Mar 19, 2026By Brittany Kubow
Brittany Kubow

The Other Half of the Story
Solomon — Wisdom Tested by Devotion

Solomon began well.

When God offered him anything, he did not ask for wealth or power.

He asked for wisdom.

And God gave it.

He became known for discernment.
He built the temple.
He established peace.
His kingdom flourished.

From the outside, it looked like success.

But strength in Scripture is not measured by how well a man begins.

It is measured by what holds his heart over time.
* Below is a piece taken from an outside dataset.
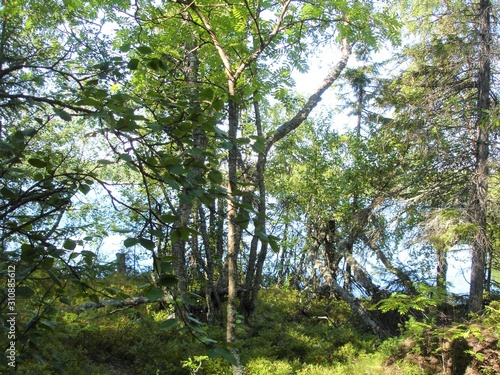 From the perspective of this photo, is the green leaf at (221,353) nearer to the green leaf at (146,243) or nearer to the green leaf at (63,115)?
the green leaf at (146,243)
Solomon accumulated influence.
He accumulated wealth.
He accumulated wives and alliances.

And slowly, devotion divided.

His mind remained sharp.
His leadership remained effective.
But his heart drifted.

This is a quieter warning.

A man can be intelligent and still be unfaithful.
He can lead publicly while compromising privately.
He can build something great and slowly lose the reason he built it.

Biblical masculinity is not only about courage in crisis.

It is about loyalty in comfort.

Solomon’s story does not end with dramatic collapse.

It ends with complexity — a legacy mixed with brilliance and regret.

And that may be the point.

Because the greatest threat to a man’s strength is not always failure.

Sometimes it is comfort.

Christ fulfills what Solomon could not.

He held wisdom without pride.
Authority without excess.
Power without divided affection.

A man’s strength is not proven by how much he can build.

It is proven by what he refuses to let replace God.

Because devotion — not ability — determines endurance.